▶ **WHAT TO DO**: Word for word, restate the lines from the start of the data down to the line with "10 Naam persoonlijke", both included.
[DATASET — start]
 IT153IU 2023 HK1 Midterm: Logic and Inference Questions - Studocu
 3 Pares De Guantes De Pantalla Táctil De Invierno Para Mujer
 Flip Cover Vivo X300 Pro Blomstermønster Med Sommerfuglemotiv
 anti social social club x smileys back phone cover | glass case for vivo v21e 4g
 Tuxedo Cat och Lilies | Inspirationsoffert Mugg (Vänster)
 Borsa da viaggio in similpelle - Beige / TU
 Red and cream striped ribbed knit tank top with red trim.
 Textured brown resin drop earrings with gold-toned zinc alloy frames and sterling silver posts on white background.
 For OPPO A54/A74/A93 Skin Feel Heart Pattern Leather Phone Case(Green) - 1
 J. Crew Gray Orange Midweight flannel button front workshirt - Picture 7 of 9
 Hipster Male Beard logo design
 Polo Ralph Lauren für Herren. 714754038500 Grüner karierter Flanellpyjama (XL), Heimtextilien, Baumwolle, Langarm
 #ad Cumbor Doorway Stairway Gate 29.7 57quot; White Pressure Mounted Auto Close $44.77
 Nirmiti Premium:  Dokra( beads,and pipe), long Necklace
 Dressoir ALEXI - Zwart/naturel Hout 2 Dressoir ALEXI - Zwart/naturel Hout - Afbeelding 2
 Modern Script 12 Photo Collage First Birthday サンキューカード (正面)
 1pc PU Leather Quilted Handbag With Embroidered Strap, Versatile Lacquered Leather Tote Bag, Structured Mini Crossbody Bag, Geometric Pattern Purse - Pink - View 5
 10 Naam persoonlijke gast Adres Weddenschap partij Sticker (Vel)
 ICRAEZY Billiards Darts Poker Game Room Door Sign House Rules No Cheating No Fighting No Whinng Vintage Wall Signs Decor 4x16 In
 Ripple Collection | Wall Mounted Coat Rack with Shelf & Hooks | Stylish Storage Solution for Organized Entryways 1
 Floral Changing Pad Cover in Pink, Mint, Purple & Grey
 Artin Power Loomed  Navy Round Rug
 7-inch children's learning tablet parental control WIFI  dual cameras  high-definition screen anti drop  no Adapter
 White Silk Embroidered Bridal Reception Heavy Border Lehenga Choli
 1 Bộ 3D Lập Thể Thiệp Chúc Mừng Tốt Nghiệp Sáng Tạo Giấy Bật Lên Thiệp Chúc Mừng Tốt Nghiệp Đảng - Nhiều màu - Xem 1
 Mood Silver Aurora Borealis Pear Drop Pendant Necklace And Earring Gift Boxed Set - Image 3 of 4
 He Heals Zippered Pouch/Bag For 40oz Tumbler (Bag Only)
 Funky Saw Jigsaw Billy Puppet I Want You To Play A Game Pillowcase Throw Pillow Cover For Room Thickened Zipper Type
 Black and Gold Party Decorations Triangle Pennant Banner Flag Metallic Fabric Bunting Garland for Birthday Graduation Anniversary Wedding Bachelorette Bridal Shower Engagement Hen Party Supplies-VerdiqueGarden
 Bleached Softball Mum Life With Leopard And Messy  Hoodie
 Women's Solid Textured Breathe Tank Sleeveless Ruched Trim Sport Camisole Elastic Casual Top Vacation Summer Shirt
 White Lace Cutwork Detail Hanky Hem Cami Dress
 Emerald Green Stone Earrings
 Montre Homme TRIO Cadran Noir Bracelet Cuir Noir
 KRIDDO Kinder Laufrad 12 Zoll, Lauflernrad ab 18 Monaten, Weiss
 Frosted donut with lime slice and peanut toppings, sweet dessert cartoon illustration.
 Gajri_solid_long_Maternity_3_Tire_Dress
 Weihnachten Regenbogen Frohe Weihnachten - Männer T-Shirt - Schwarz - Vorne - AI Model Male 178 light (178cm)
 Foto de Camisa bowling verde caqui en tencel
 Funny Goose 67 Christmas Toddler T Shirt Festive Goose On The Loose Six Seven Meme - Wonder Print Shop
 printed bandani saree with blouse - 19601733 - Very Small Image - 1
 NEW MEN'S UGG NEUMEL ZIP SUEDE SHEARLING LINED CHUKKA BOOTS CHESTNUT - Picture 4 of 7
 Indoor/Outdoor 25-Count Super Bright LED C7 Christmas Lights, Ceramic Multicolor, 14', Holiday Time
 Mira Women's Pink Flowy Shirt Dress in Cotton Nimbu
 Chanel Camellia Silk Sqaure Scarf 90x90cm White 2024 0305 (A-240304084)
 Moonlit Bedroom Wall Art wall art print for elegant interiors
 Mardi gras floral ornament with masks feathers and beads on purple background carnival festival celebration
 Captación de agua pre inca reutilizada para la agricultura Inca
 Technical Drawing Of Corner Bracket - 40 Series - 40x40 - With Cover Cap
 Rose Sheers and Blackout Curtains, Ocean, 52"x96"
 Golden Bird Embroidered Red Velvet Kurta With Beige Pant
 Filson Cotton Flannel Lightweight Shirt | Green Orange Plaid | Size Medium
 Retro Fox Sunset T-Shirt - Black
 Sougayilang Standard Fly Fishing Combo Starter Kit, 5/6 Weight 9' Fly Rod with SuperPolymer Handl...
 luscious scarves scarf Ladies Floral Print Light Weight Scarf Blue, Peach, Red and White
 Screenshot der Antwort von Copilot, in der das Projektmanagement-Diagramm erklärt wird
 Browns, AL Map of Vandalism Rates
[DATASET — finish]
▶ **RESPONSE TO THE EXERCISE**:
 IT153IU 2023 HK1 Midterm: Logic and Inference Questions - Studocu
 3 Pares De Guantes De Pantalla Táctil De Invierno Para Mujer
 Flip Cover Vivo X300 Pro Blomstermønster Med Sommerfuglemotiv
 anti social social club x smileys back phone cover | glass case for vivo v21e 4g
 Tuxedo Cat och Lilies | Inspirationsoffert Mugg (Vänster)
 Borsa da viaggio in similpelle - Beige / TU
 Red and cream striped ribbed knit tank top with red trim.
 Textured brown resin drop earrings with gold-toned zinc alloy frames and sterling silver posts on white background.
 For OPPO A54/A74/A93 Skin Feel Heart Pattern Leather Phone Case(Green) - 1
 J. Crew Gray Orange Midweight flannel button front workshirt - Picture 7 of 9
 Hipster Male Beard logo design
 Polo Ralph Lauren für Herren. 714754038500 Grüner karierter Flanellpyjama (XL), Heimtextilien, Baumwolle, Langarm
 #ad Cumbor Doorway Stairway Gate 29.7 57quot; White Pressure Mounted Auto Close $44.77
 Nirmiti Premium:  Dokra( beads,and pipe), long Necklace
 Dressoir ALEXI - Zwart/naturel Hout 2 Dressoir ALEXI - Zwart/naturel Hout - Afbeelding 2
 Modern Script 12 Photo Collage First Birthday サンキューカード (正面)
 1pc PU Leather Quilted Handbag With Embroidered Strap, Versatile Lacquered Leather Tote Bag, Structured Mini Crossbody Bag, Geometric Pattern Purse - Pink - View 5
 10 Naam persoonlijke gast Adres Weddenschap partij Sticker (Vel)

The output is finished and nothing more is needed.